For many years, I had the same attitude to my spiritual life. I was going to do it myself, on my own, without anyone's help. I was going to find my own unique relationship with Spirit without the input of any other human being, or even any spiritual power. So I started delving into my soul on my own, battling my demons and seeking the light.

But all the while I was making myself more stressed, because I couldn't live up to the high standard I had set for myself. Surely, I 'should' feel better? Surely, a spiritual person 'must' be able to get rid of all that on her own and be happy and healthy all the time? And if I couldn't accomplish that without outside help, then surely I wasn't good enough? Right?

This fierce independence spills over into other areas of my life as well. Surely, if I can't go to work, keep a tidy house and do the garden all on my own, then there must be something wrong with me. I must be a slob, or lazy, or inadequate in some way. And the more I filled my brain with things I 'should' do, the more overwhelmed I felt and the less actually got done.

One of the jobs that really needed doing was sorting out my garage. It had been piling up with stuff that we no longer wanted but thought we needed to keep for many years, and it had become physically impossible to actually get to the back of the garage at all. It really needed sorting out. And for a long while, I thought I - or at least my husband and I - should do this on our own. But when he got a very demanding new job, I knew this wasn't going to happen. And every time I opened the garage door, my heart would sink.

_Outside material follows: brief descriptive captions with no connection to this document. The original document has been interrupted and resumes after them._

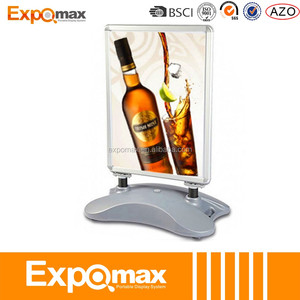 Unique slate mode hot vente de haute qualité livraison debout panneau <span class=keywords><strong>publicitaire</strong></span> - Product Image 2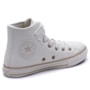 Tênis Infantil Feminino Converse Cano Alto c/ Velcro CK 12940001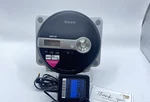Sony Walkman D-NE241 Black Portable Compact Cd Player Excellent. Fixed Price $88.77.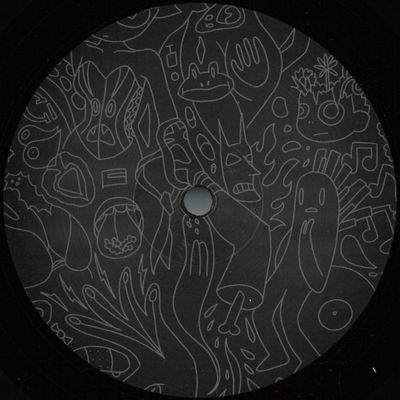 Denis Kaznacheev — It Can Be vinyl cover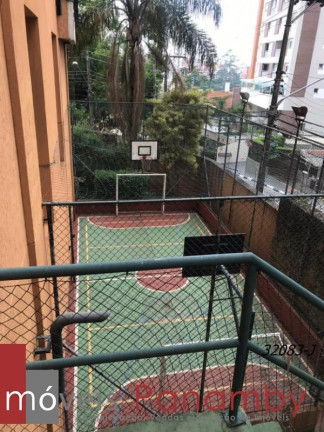 Imagem Apartamento com 3 Quartos à Venda, 200 m² em Jardim Ampliação - São Paulo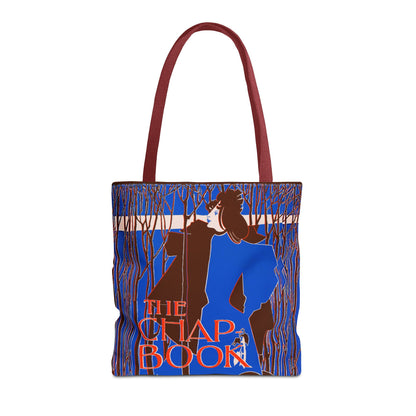 Art Nouveau: The Chap Book - Tote Bag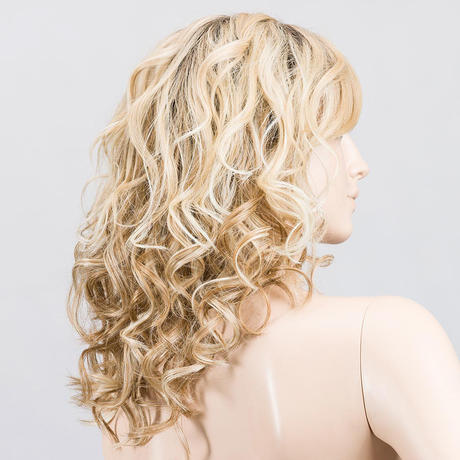 Ellen Wille High Power Parrucca di capelli sintetici Heaven Mono Part sandyblonde rooted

As it happens, my friend is starting up her own business(1) helping people to organise themselves - a sort of hourly paid PA, but for all manner of work that people need to do but don't have time for. My garage was an ideal first job for her, so I did the unthinkable and asked for her help. In a day and a half, we not only emptied and sorted the garage but gave it a good scrubbing too. And I even enjoyed doing it! With help, it became a shared experience that both of us will remember for a long time.

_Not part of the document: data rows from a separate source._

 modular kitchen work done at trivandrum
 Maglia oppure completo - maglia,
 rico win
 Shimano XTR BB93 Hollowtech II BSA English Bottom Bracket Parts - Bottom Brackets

Similarly, when I got so tired of trying to be more spiritual, more open, more healthy and happy that it made me anxious and depressed, I finally decided that this, too, I couldn't do on my own. I finally wrote a prayer asking Spirit for help. I started using this prayer, saying it to myself several times a day. And after about a year of this, I can say with confidence that in this case, too, asking for help made all the difference.

The prayer calls on the greatest power I could imagine: the Keepers of the Great Cauldron that contains the ever-swirling stars. It touches on my vulnerability and my need for help to live my life, to be who I am called to be. Things started changing as soon as I used the prayer. The clogged garage of my mind started to slowly clear out. Just saying it to myself would make me feel less anxious.

Little by little, I became less dependent on it for immediate relief, but it kept working through my life. Doors began to open, gateways to appear. I also asked other people, experts in their fields, to help me with my health and wellbeing. And right now, I am feeling pretty good about myself. I feel like I have finally found what I am meant to be in life. I have found the 'renewed life and renewed purpose' my prayer asks for. In the year or so that I have been using it, so much has changed.

This simple act of asking for help has had a really positive effect on me. It got my garage cleared out too. You should try it one day...

  1. When she gets a website, I'll put a link here!